The Wife Stalker(20)



They sailed back in companionable silence, speaking only when she needed help with the lines. After they had docked the boat and disembarked, they left Piper’s car at the club and took his car to her house.

“I’ll run upstairs and change for dinner. I won’t be long.” She rose onto tiptoes and kissed him as they stood in the entrance hall. “There’s a bottle of red in the kitchen. Go pour yourself a glass while I change.”

“I think I’d rather follow you.”

“Down, boy,” she said with a laugh.

True to her word, she was back downstairs in ten minutes, her shorts replaced with a long, white slip dress. She’d released her hair from its ponytail, and it hung loose and straight to her shoulders.

“Beautiful,” he said appreciatively as she descended the stairs. “You are absolutely glowing.”

She smiled at him. “A certain gentleman is the reason for that.”

They left the house hand in hand, and as she settled back into the passenger’s seat of his car, she replayed their lovemaking in her mind. Things had changed on the boat this afternoon. The relationship was at a completely different level now—intimate and private. They had the whole evening ahead of them, and she knew beyond a doubt that he would stay until morning. It would be perfect . . . and she couldn’t wait to have him all to herself all night.





16

Joanna




The week after the moving van had showed up, I called Leo every day, but he wouldn’t listen to reason. Celeste advised me to give him some space, a chance to see what he was missing. She told me she’d had clients whose husbands had acted the same way when they were in the thrall of an affair, but that after a while they’d come to realize what they had in their wives. But I couldn’t afford to wait any longer, with someone as aggressive as Piper inserting herself, and planned to go to the house to confront him. Before I could, late one afternoon the doorbell rang, and I opened it to see a woman standing there. She asked me my name then handed me an envelope. I realized too late that she was a process server. My hands shook as I read the document that announced the end of my life with Leo. He was severing our relationship with the ruthlessness of a shark. No call to warn me, nothing to let me know that he was making it official.

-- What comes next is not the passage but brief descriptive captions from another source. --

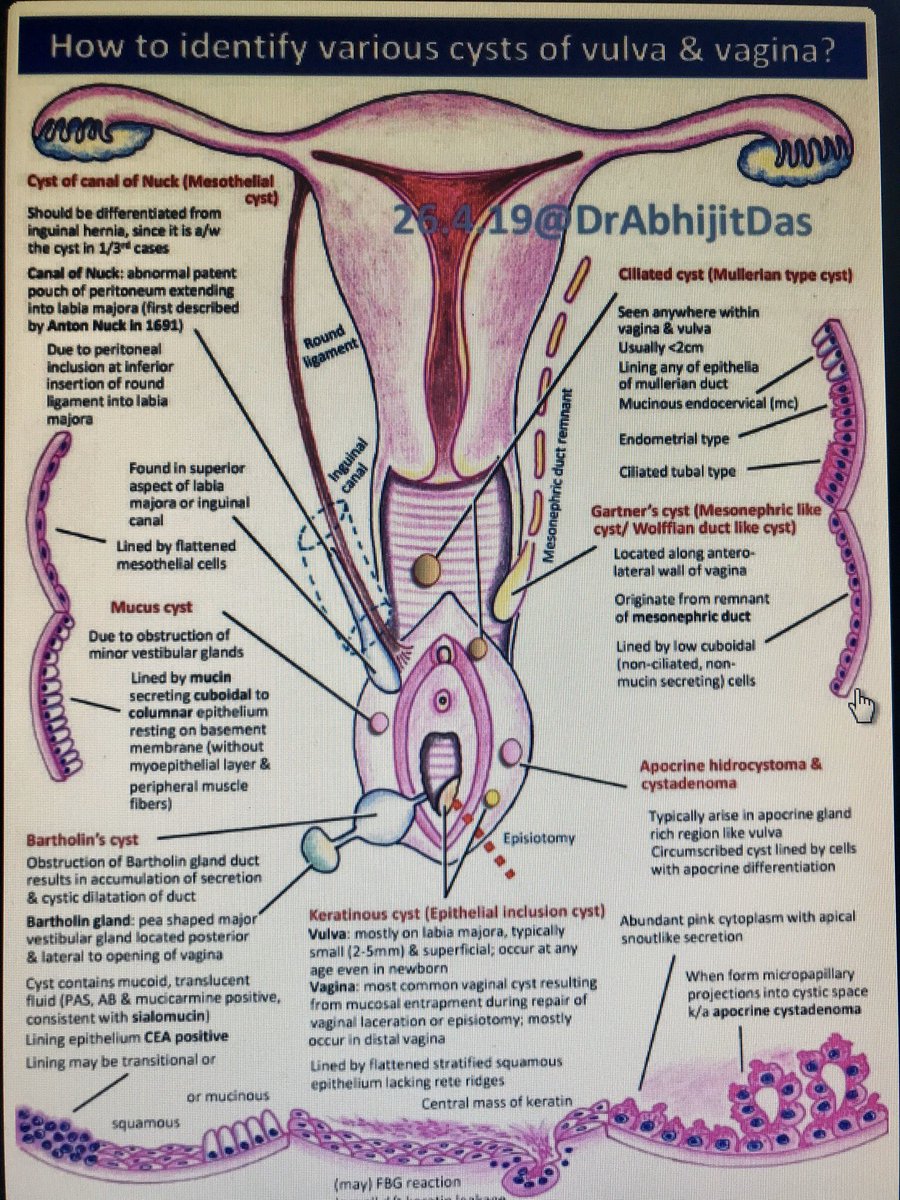 On labia majora cysts Sebaceous Cysts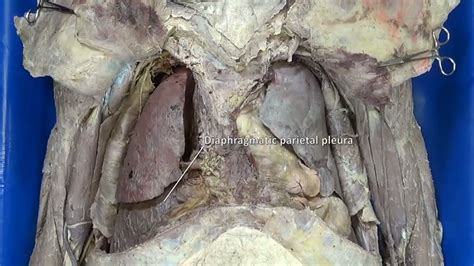 From Grants Dissection Video Collection Anterior Thoracic Wall And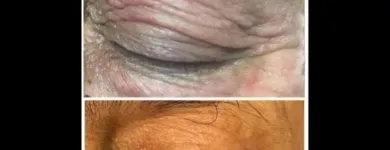 La imagen 3 de la Empresa PLEXR PLUS Cirugía Plástica en Metropolitana De Lima Perú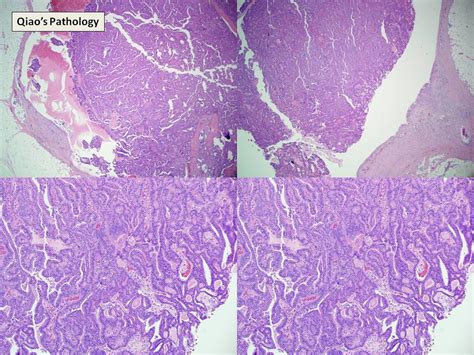 Qiao S Pathology Encapsulated Intracystic Or Encysted Papillary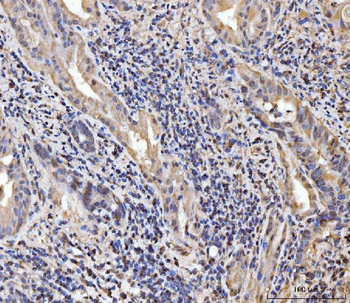 Anti-EXOSC8 Antibody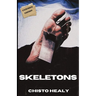 Skeletons: Extended Edition
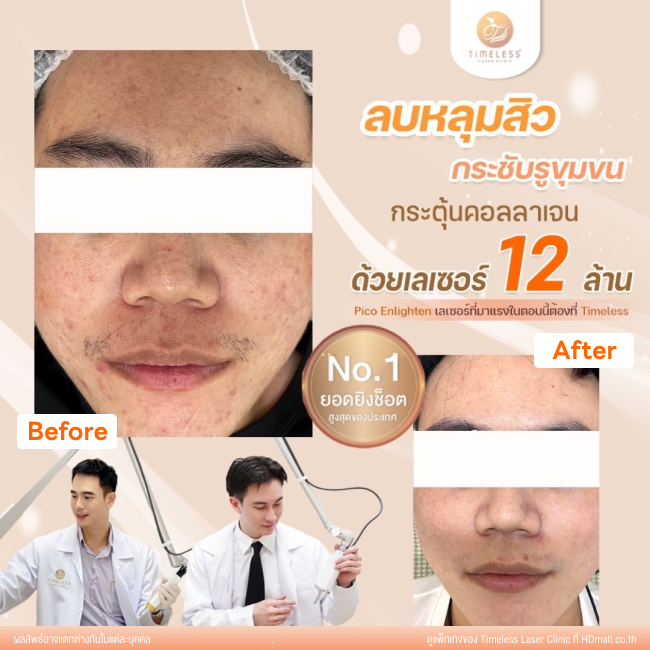 ผลลัพธ์หลังเลเซอร์หลุมสิว โปรแกรม Pico Enlighten ที่ Timeless Laser Clinic รูป 10
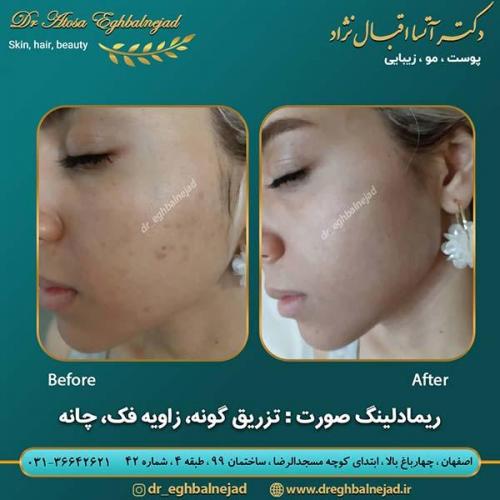 ریمادلینگ-صورت-با-تزریق-گونه-زاویه-فک-و-چانه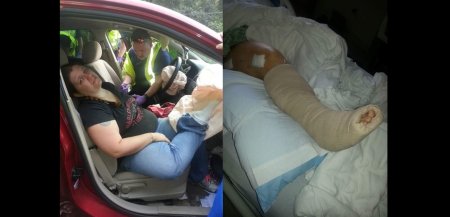 Mom’s horrific accident shows why you should never put your feet on the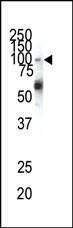 Anti-EphA1 (N-term) Antibody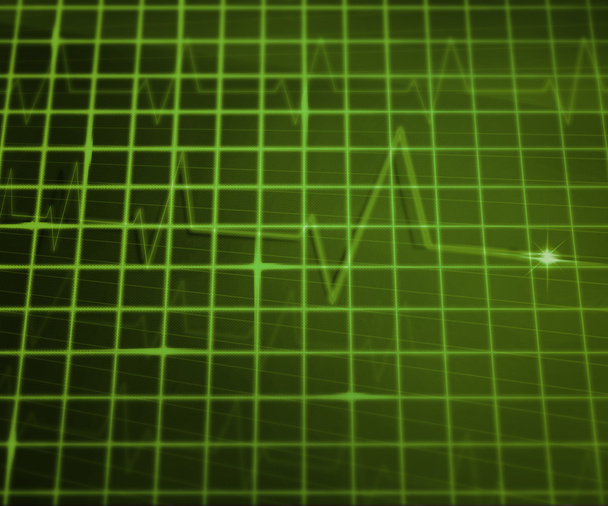 groene ekg medische achtergrond - Foto, afbeelding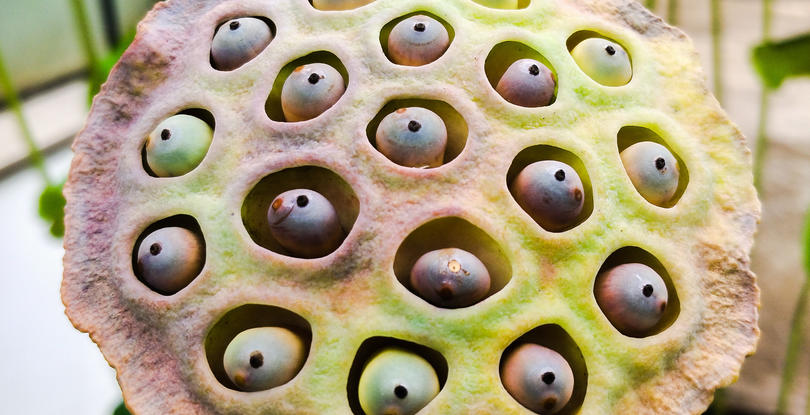 weird-skin-diseases-with-holes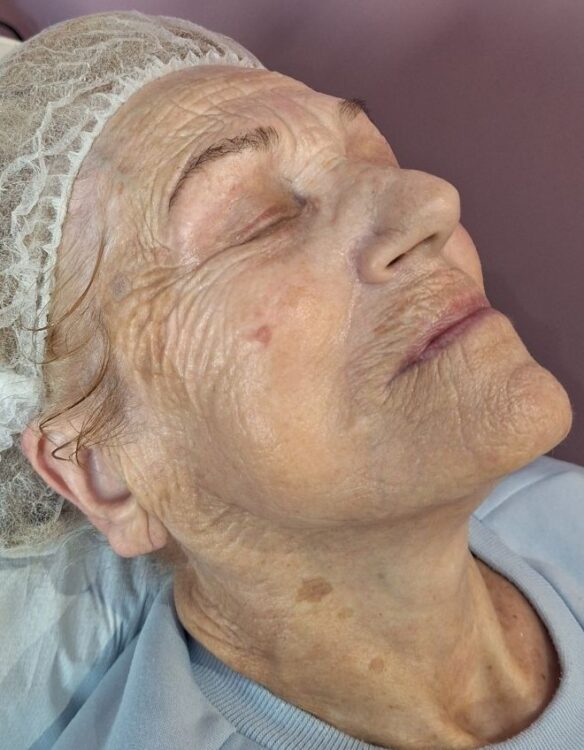 April 2026 Pink Beauty Collagen Lift Facial for Ageing Skin After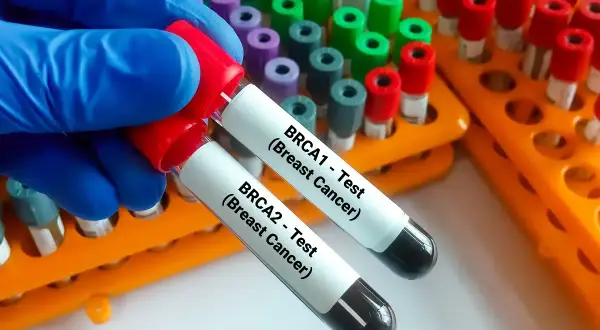 Rękawiczka w niebieskiej rękawiczce trzyma probówki do badań genetycznych na raka: BRCA1 i BRCA2.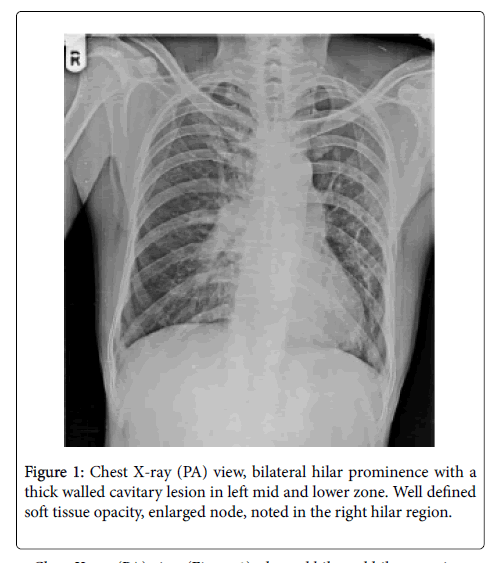 radiology-bilateral-hilar-prominence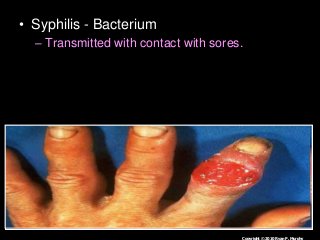 Immune System Lesson PowerPoint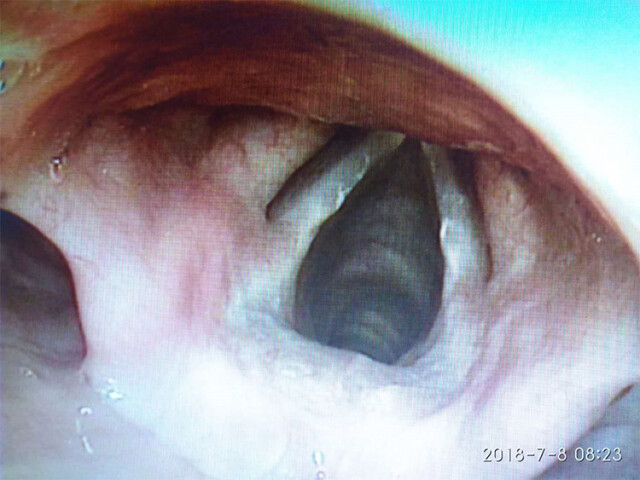 世界杯倒计时 湖南嘶哑失声门诊人数激增
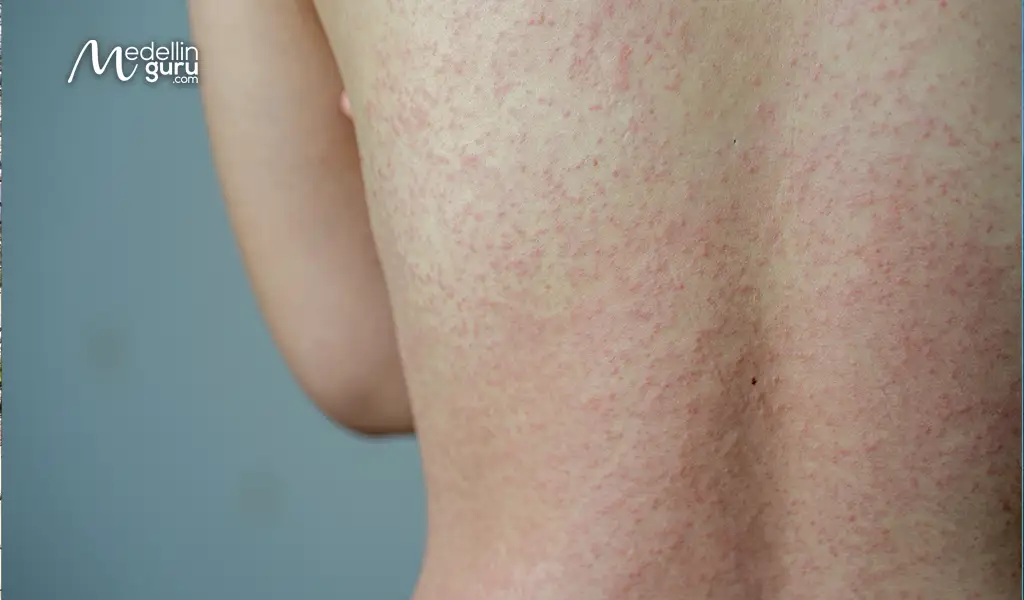 Skin allergies highlighting concerns about water quality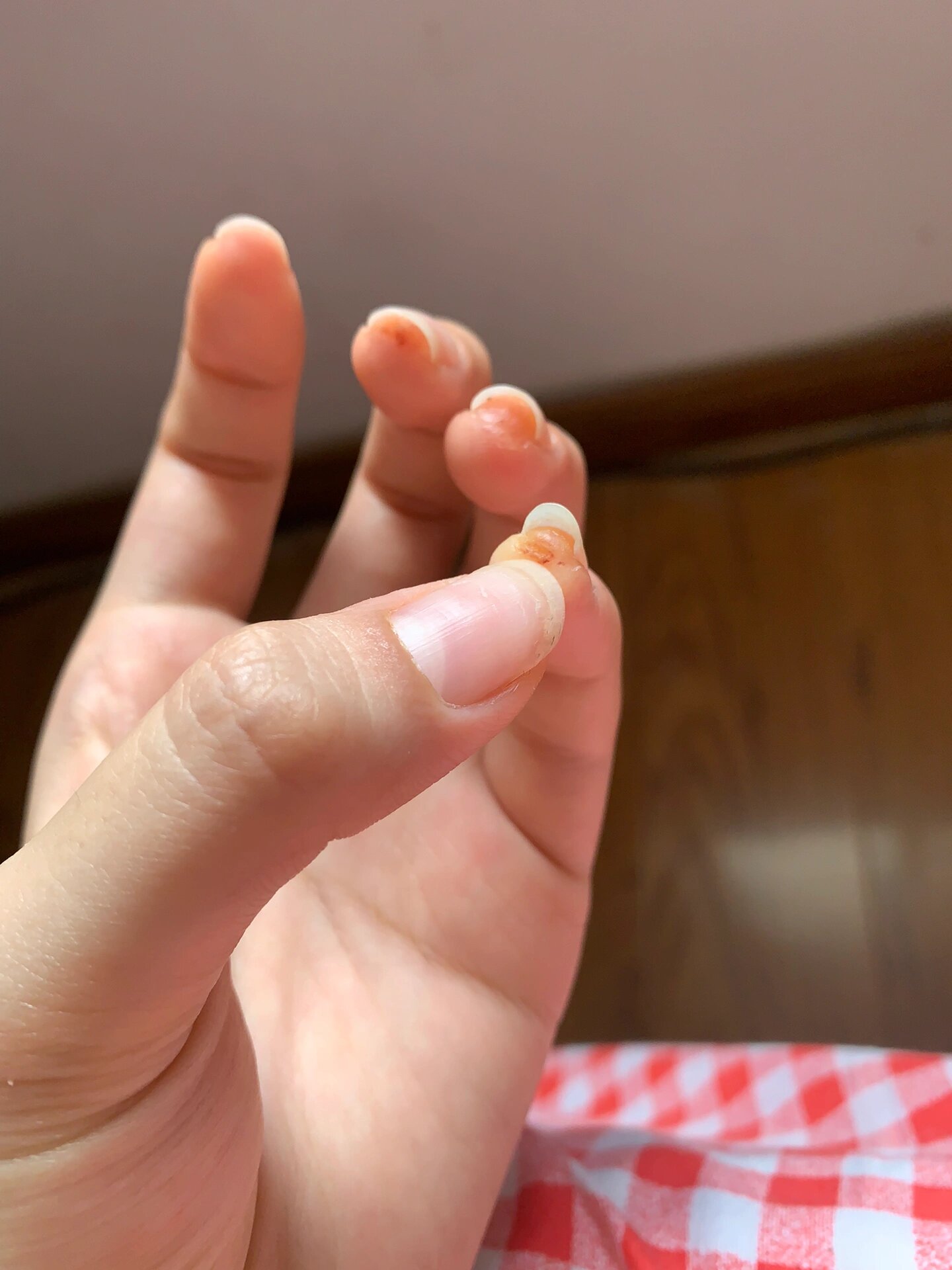 游离线已经跑到中间了,对比右手小拇指,而且几乎全部手指都起了小水泡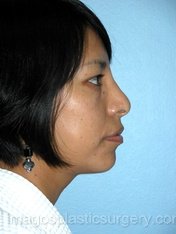 After rhinoplasty right side view female patient case 5094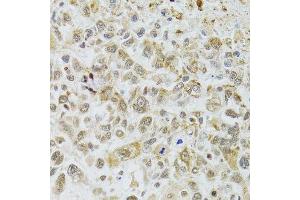 Immunohistochemistry of paraffin-embedded human lung cancer using DMAP1 antibody. (DMAP1 anticorps  (AA 1-305))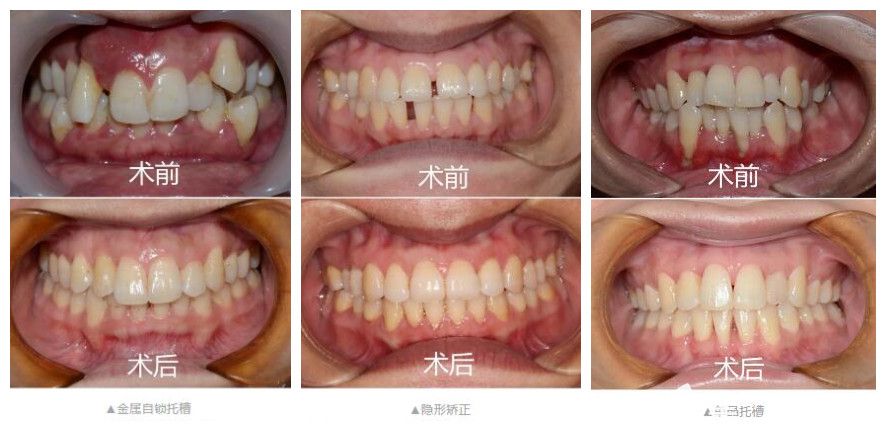 金属托槽矫正虎牙+隐形矫正牙缝稀疏+自锁托槽矫正拥挤不齐牙齿 金属托槽矫正虎牙+隐形矫正牙缝稀疏+自锁托槽矫正拥挤不齐牙齿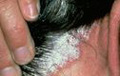 Psoriasis en cuero cabelludo. Cuero cabelludo con psoriasis en nuca.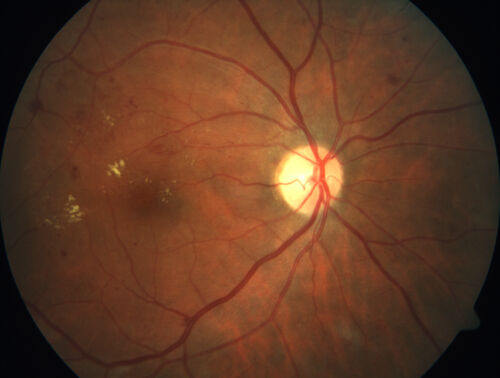 Proliferative Diabetic Retinopathy and vitreous hemorrhage left eye
44 year old man with type II diabetes for 14 years and no eye examinations in the last 5 years.  VA 20/40 right eye and 20/60 left eye.  Vision loss has been for about a week in the left eye.
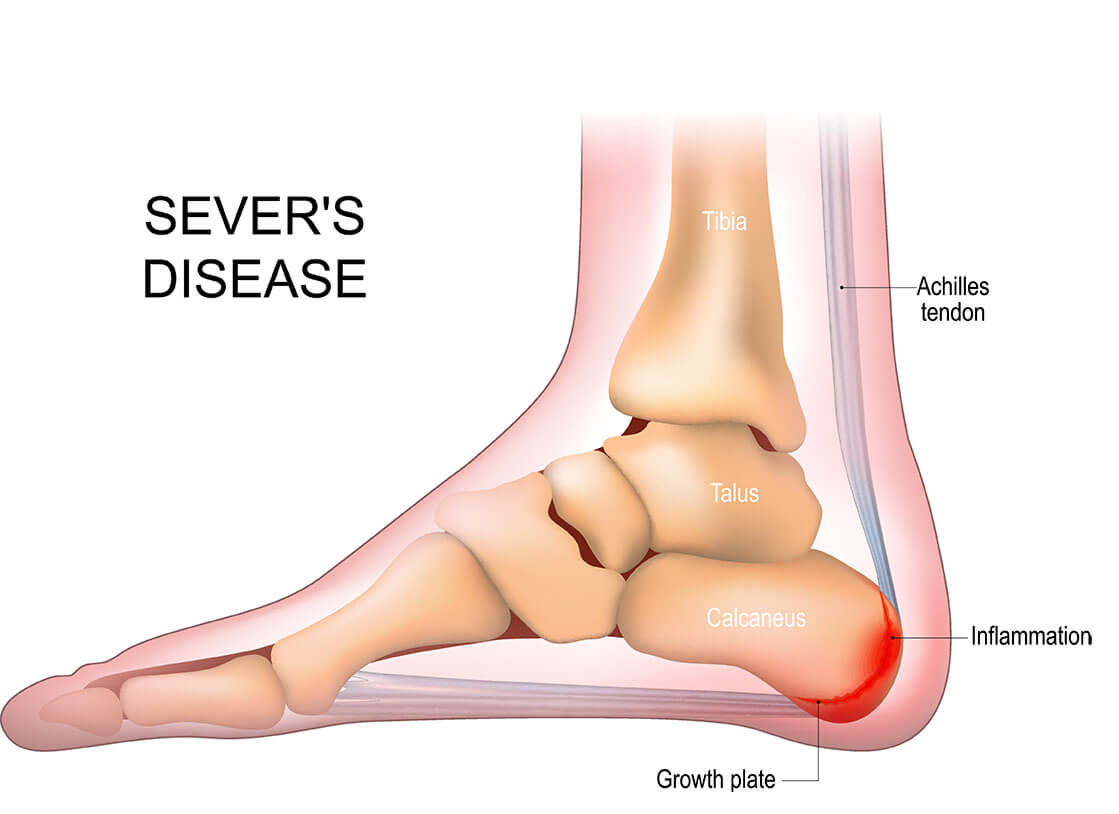 Heel Pain | Plantar Fasciitis | Achilles Tendonitis | Fractures | Severs  Disease | Bursitis | Arthritis | FootSmart Podiatry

I wasn’t even aware I was shrieking until my mother yelled to me from her bed.

“Joanna! What’s wrong?”

I stumbled into the living room, my chest heaving with sobs, and thrust the paper toward her. “He’s done with me. And I apparently made it easier on him by being the one to leave.”

She threw the paper at me and scowled. “Are you trying to blame me? I can’t help it if I fell. That bastard was through with you before you ever packed up and left. He’s probably shacking up with that blond bimbo right now.”

“Stop, Mom. That’s enough!” I regretted ever saying a word to her about Piper. I ran to my bedroom and called his cell.

“Joanna?”

“How could you do this to me?” I choked out.

“You got the papers, then?” His voice was flat, devoid of emotion.

“You can’t do this. I won’t let you. Please, Leo.”

“I’ve told you, Joanna, you’ve forced my hand. This is the only way that you’ll realize I’m not going to change my mind. It’s best for all parties involved if we all move forward.”

All parties involved? Did he think I was stupid? “I won’t sign the papers. I’ll fight you!”

“If you do, I’ll keep this thing hung up in court until you don’t have a penny left. I’ve been very generous with the settlement, and I was happy to do it. But if you don’t sign, I’ll make sure you end up with nothing.”

“Stelli and Evie will be devastated. How can you do this to them?”

“This is just about you and me. You’ll still see the children. I would never try to keep you from them.” His voice softened as he spoke, but I knew that once he moved Piper in, he’d try to edge me out. If I signed the papers, I’d have nothing to tie him to me anymore, no leverage to keep him from making a life with her.

I hung up and called Janice, a friend from my book club who was a family law attorney. We spoke for a long time, me railing against Leo and her trying to talk me down. She encouraged me to take the settlement, convincing me that a long, drawn-out fight was good for no one. He was offering me a lot of money, money I needed. I had given up my dreams of becoming an attorney and had spent the years supporting Leo. Now I found myself with no job, and no real prospects, given my responsibilities to my mother. I’d heard of so many women who’d been screwed over by the men in their lives, women who’d been married for years and ended up broke after all their legal fees, while their ex-husbands drove around in luxury cars and took expensive vacations. I had to think of my future. And I had to think of what was best for the children. So I took Janice’s advice and signed them. Sobbing, I texted Celeste to see if she could fit me in, but she couldn’t see me until the following day.

My mind was racing the next day as I drove over and waited outside Celeste’s office. I looked up as her door opened and she beckoned me in, her shiny blond bob swinging back and forth, and looking younger than the thirty-four years my googling had informed me of. She was one of those people who looked perpetually content. Maybe it was because she realized her life was pretty good compared to her patients’ crappy existences.